■ Assignment
Start at the line in the entries below that contains "ginoble С��Ь ���ְ�Ьϵ��", stop at the line that contains "Damen Shirt Unbranded, Größe", and output exactly the lines in that span, both ends included.

[Data to use]

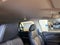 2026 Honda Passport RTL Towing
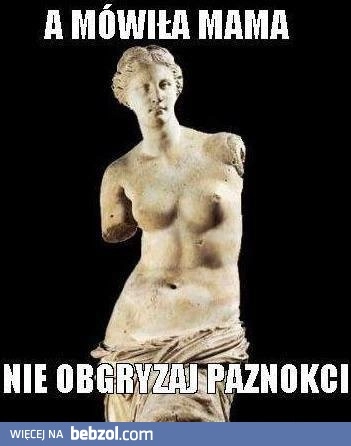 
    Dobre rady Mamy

[/Data to use]
[Data to use]

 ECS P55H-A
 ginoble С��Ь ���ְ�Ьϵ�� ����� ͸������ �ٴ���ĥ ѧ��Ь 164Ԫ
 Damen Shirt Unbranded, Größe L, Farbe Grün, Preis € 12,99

[/Data to use]
[Data to use]

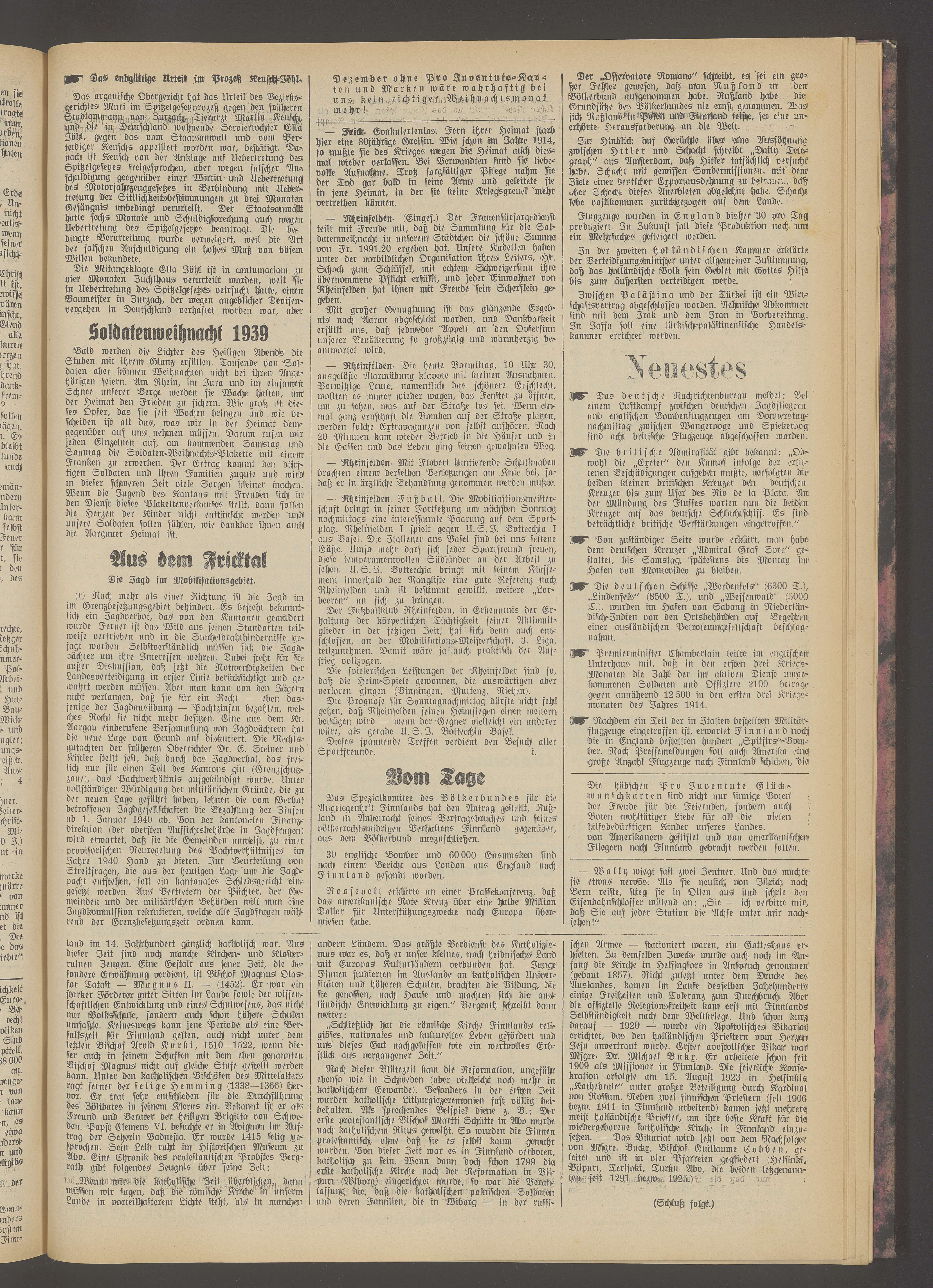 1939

[/Data to use]

■ Response to the exercise
 ginoble С��Ь ���ְ�Ьϵ�� ����� ͸������ �ٴ���ĥ ѧ��Ь 164Ԫ
 Damen Shirt Unbranded, Größe L, Farbe Grün, Preis € 12,99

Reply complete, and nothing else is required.